Esempio e spiegazione:
I file di script non vengono eseguiti come altri eseguibili o binari. Vengono eseguiti attraverso il processo di interpretariato (binario) che comprende i comandi o gli script nel file. Per esempio
cmd.exe e
explorer.exe i processi di interpretariato per
.bat e
.cmd file e
cscript.exe è un processo di interpretariato per i file. vbs.
È possibile che gli utenti non vedano direttamente questa differenza perché Windows ne prende cura mediante la mappatura del script all'interprete necessario.
Ad esempio, supponiamo che tre file bat
test1.bat, test2.bat e
test3.bat vengono creati con il contenuto come indicato di seguito:
test1. bat:
echo "11111"
test2. bat:
echo "22222"
test3. bat:
copia/y test1. bat test2. bat
Solidifica tutti i file e crea
test3.bat come programma di aggiornamento. Se
test3.bat viene eseguito utilizzando un doppio clic o
cmd /c test3.bat, Copia riuscita. Se il prompt dei comandi viene eseguito come
> test3. bat, copia non riuscita.
Se si esaminano i registri generati da vicino per entrambi i casi:
Quando lo script viene eseguito nello stesso processo:
Nell'esempio, lo script viene eseguito direttamente dal prompt dei comandi come
> script_name.
L'evento riportato di seguito viene visualizzato nei registri di solidcore:
Quando lo script viene eseguito dallo stesso processo
MACC non consente al processo di modificare il file solidificato
test2.bat, poiché dopo l'immissione di un utente in un processo, l'autorizzazione dell'Updater non deve essere consentita a tale processo. Non è possibile determinare se è in esecuzione un script o se l'utente fornisce direttamente un comando. Quindi questo tipo di esecuzione è bloccata a causa di problemi di sicurezza.
Quando lo script viene eseguito in un nuovo processo:
Nell'esempio, fare doppio clic o Esegui
script_name cmd/c dal prompt dei comandi per eseguire il script.
L'evento riportato di seguito viene visualizzato nei registri di solidcore (s3diag. log):
Quando lo script viene eseguito un nuovo processo:
MACC consente al processo di modificare il file solidificato solo in quel ciclo di vita specifico del processo. Fare doppio clic su "

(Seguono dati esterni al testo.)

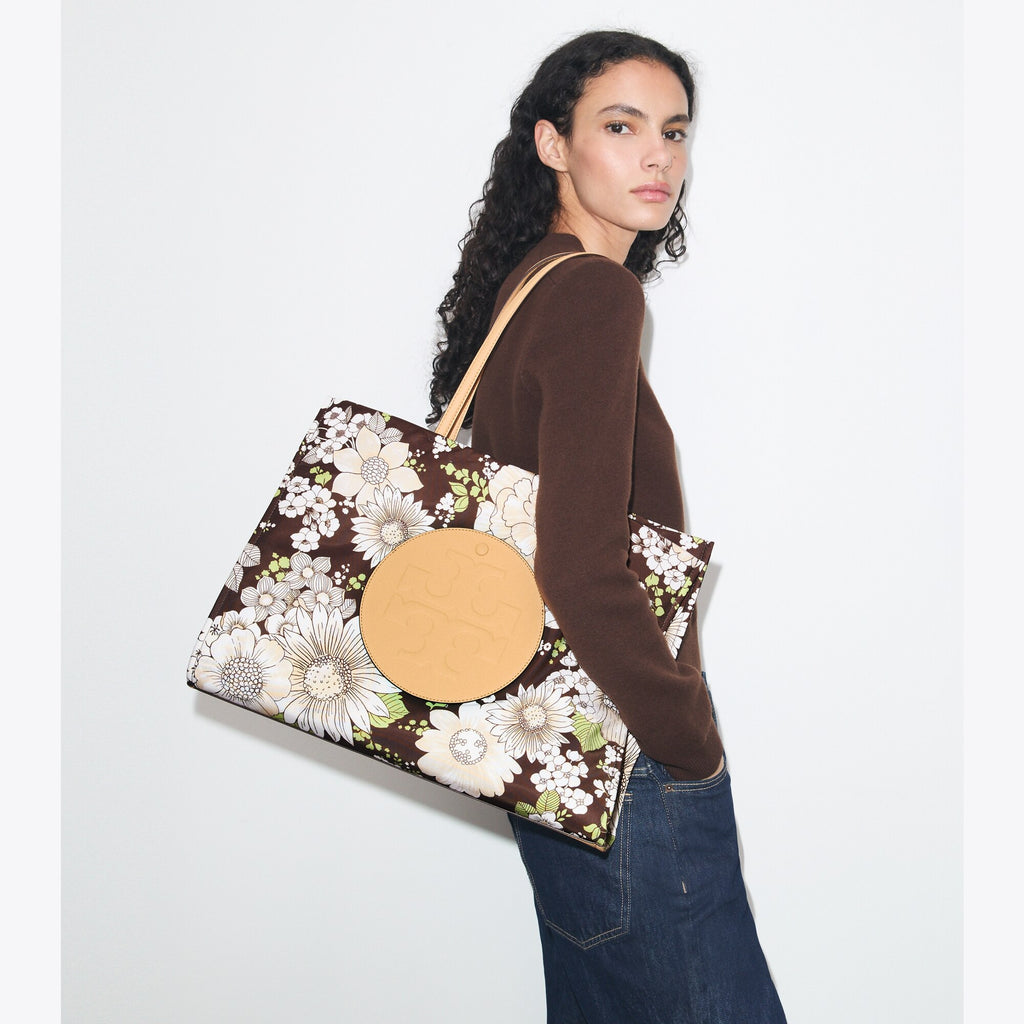Tory Burch Ella Printed Tote - Floral Green/Brown - 2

cmd /c script_name"entrambi riproducono un nuovo processo per eseguire il script. E, a questo processo viene concessa l'autorizzazione di aggiornamento fino alla relativa risoluzione. Queste autorizzazioni non vengono passate ai processi figlio e, a differenza dei normali processi di aggiornamento. Viene visualizzato un file di registro modificato come mostrato nel registro riportato sopra che contiene l'ID del workflow utilizzato per modificare il file solidificato.